Portability, standard compliance and fault tolerance.
This objective has been fully achieved with regard to the planned portability and standard compliance work. The framework has been ported to GCC/OpenCoarrays and Intel compilers with the use of only Fortran 2008 standard features. The fault tolerance objective has not been achieved due to poor compiler support. Only a single feature, FAILED_IMAGES has become available towards the end of this project, and is currently supported only by GCC/OpenCoarrays. Fortran 2015 text has been finalised in June 2016, and it is expected that the fault tolerant features will gradually become available over the next 1-2 years in at least 3 compilers: Cray, Intel and GCC/OpenCoarrays. We will continue monitoring compiler support for these features and implement them in the multi-scale framework as they become available.

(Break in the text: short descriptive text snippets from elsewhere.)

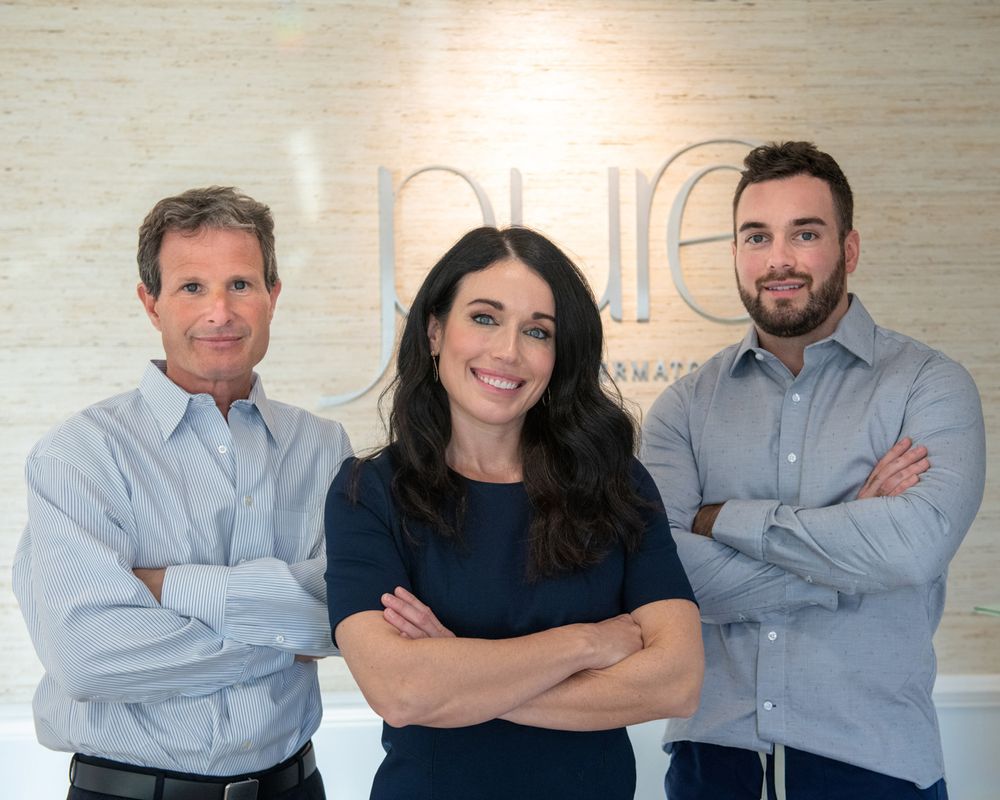 Three team members pose in office with arms crossed in front of logo wall.
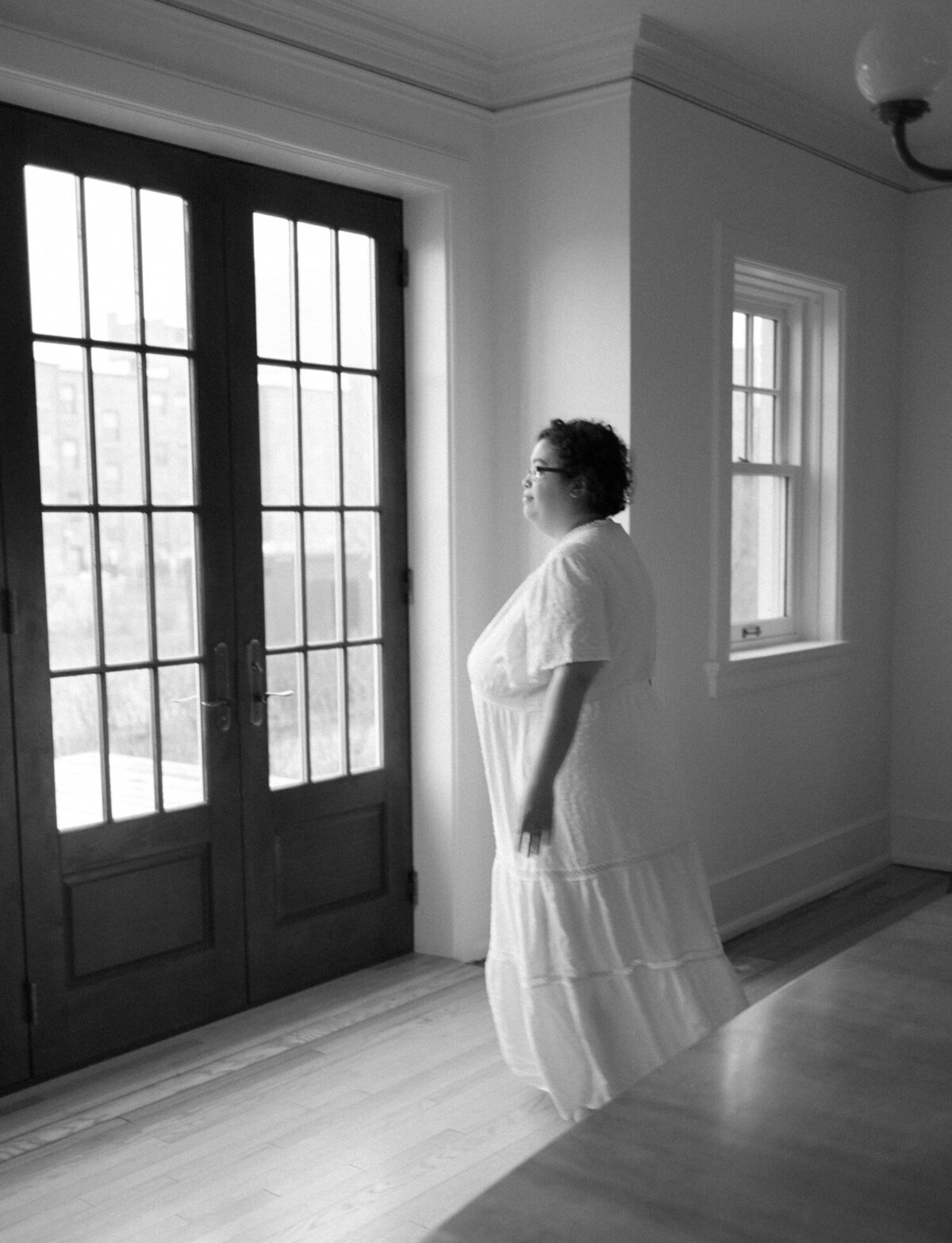 woman in long white cotton dress moves to historic dark wood windows, doors, ALEO Detroit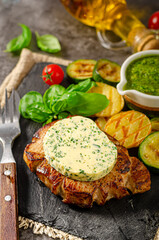 Wall Mural - Delicious pork steak with herb butter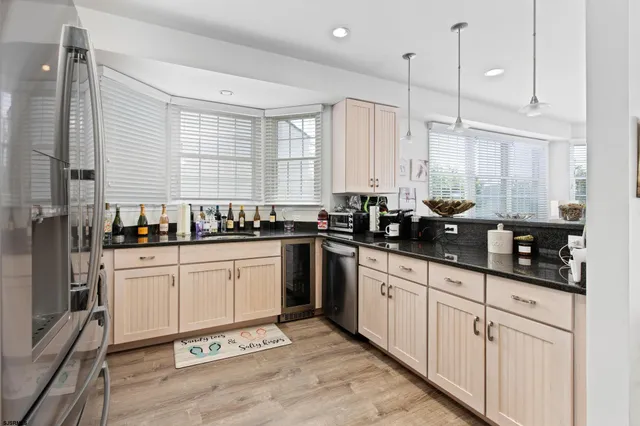 a kitchen with stainless steel appliances granite countertop a sink a stove and white cabinets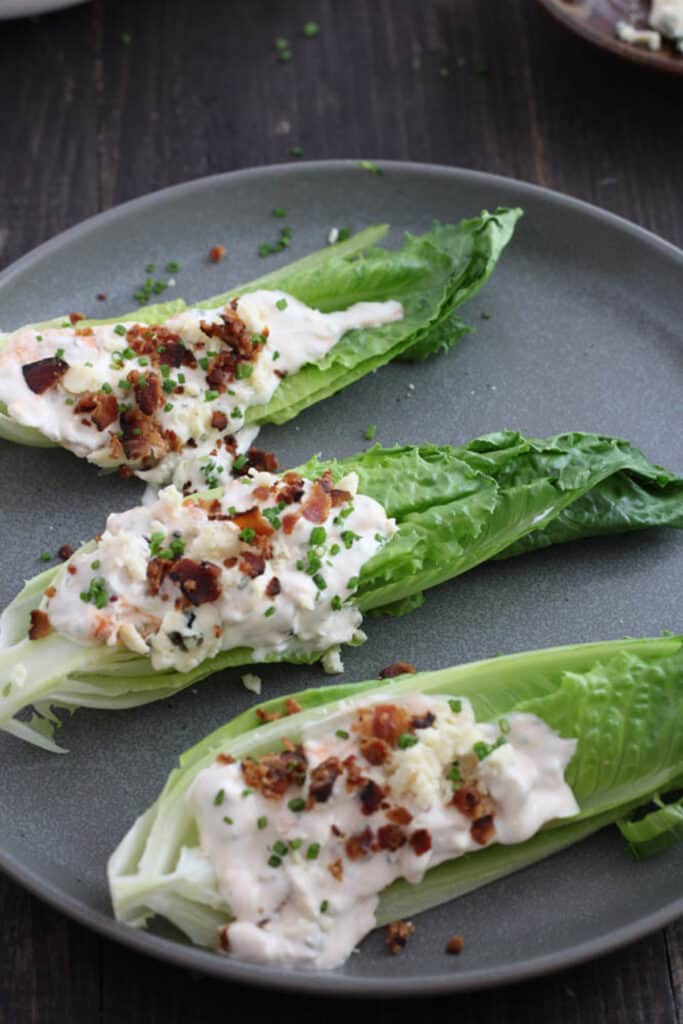 A blue plate with wedges of romaine lettuce topped with buffalo blue cheese dressing, chopped bacon and chives on a rustic black table.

Benchmarking data for publication.
This has been partly achieved. Due to slow progress towards improved scaling, elasto-plastic benchmarks at or near full ARCHER capacity were deemed not feasible. Good benchmarking data was collected for other problems. This data has been used already for conference presentation. A publication in Int. J of HPC Applications is in preparation. It will also use this benchmarking data.
Scaling.
Objective has been achieved. A lot of work was dedicated to profiling and tracing analysis, which resulted in replacing all-to-all communication pattern with the nearest neighbour algorithms. The scaling limit was increased from 2k cores at the start of the project to 7k cores at the end.
Implementing MPI/IO.
Objective 5 has been achieved for CGPACK. NetCDF and HDF5 filters have been written for cellular automata data structures. However, the performance of NetCDF and HDF5 writers has been disappointing compared with direct use of MPI/IO. This issue is currently being investigated. With ParaFEM, a decision was made to implement a standard engineering binary format supported by the visualisation tool Paraview instead of NetCDF and HDF5 and use MPI/IO directly. There were two main reasons for this decision; (i) uptake is hindered by usability and our end users will be more comfortable using a standard engineering format rather than having the additional barrier of learning about NetCDF and HDF5 and (ii) the performance improvement using MPI/IO looks more promising than these libraries. We had an issue getting Paraview to read binary files written by ParaFEM. After significant debugging effort, we found that Paraview would not read binary files written by Fortran, only by C or C++. Our workaround was to use C data types in ParaFEM (provided by the ISO C Binding in Fortran 2003 and later) and write out C binary files from the Fortran program. So for ParaFEM, the eCSE has provided us with a big push in the right direction, but we ran out of resource before completion. We will complete this objective ourselves.
Summary of the software
All our software used in this work is freely available from sf.net under BSD license (except for a few specific EPCC contributed routines distributed under Apache license), allowing usage, modification and redistribution in academia and for profit. This includes CGPACK and ParaFEM (also on SourceForge.
All sf.net features are used for CGPACK and ParaFEM development: support tickets, discussion forum, svn read-only access for users and write access for all developers, production of regular versioned distributions, links to documentation, etc.
Paraview has been used extensively in this project for visualisation, together with HDF5, xdmf, and NetCDF.